# Poison Bottle is it rare



## mummabird

Poison bottle dark brown, MY-T-FINE,,Poisonous, not to be taken, oval shape with V D M A in it and on side Regd No 2140, on bottom M, 769, 1, and a large 6


----------



## mummabird

forgot to ask is it rare and is it worth much thanks.


----------



## surfaceone

Hello Margaret,

 Welcome to the A-BN, and thanks for bringing the poison. [8D]

 Its a Phenyle bottle:




From.

 The VDMA was the Victorian Disinfectant Manufacturers Association.

 One of the Poison experts should be along presently...


----------



## mummabird

sorry forgot to put phenyle on post! is it rare as i have afew different shaped MY-T-FINE bottles


----------



## Longhunter

I don't see it listed in the poison workbooks.

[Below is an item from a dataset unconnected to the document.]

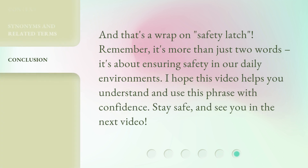And that's a wrap on safety latch. Remember, it's more than just two words — it's about ensuring safety in our daily environments. Stay safe, and see you in the next video.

 Maybe Stephen can shed some light on this bottle.


----------



## Poison_Us

Surprisingly enough, I dont have a record of it either....and I know I have seen this one before.  Now all I did was a quick scan.. you say it's oval, but I see 2 flat sides in the image, which tells me its a KV class bottle...but I did not find it.  Maybe Jerry has a page that I'm missing.


----------



## mummabird

It is diamond shape, 4 sides , found here in australia, have others that are MY-T-FINE but are 3 sided , the oval is where the 4 letters are inside


----------



## mummabird

it is the same bottle that ( surfaceone) put picture up, what i would really like to know is it rare, old and worth anything


----------



## surfaceone

Hey Margaret,

 Australian Phenyles are not my strong suit. Could you take a couple more photos focusing on the embossing and the base and lip finish, please.

 Has it got an internal screw thread on the top? I'm doing a lot of squinting and coming up with early 20th Century as a date guesstimate. Can't speak to the scarcity or value. Wayne Harris has some Pheyles listed for sale in his Poison section, though not an amber.


----------



## Poison_Us

Ah, that explains it.  KD..ok...well, still cant find it. [8|]

 I found a few that are like it, but the embossing on the right side is different, even though the left side with PHENYLE is the same on all of them as is the REG Number.  Even the one above is not in the books.  Doesn't surprise me though.  There are many undocumented bottles....especially from AU.  Apparently, its a specific product, brought to you by different places...so they have a bottle of this design made, but with their Pharm on the right side.  Kind of like the KIs...all the same bottle, just different Pharms embossing.  Which makes me want to group all of these together in the same style chart as the KIs.


----------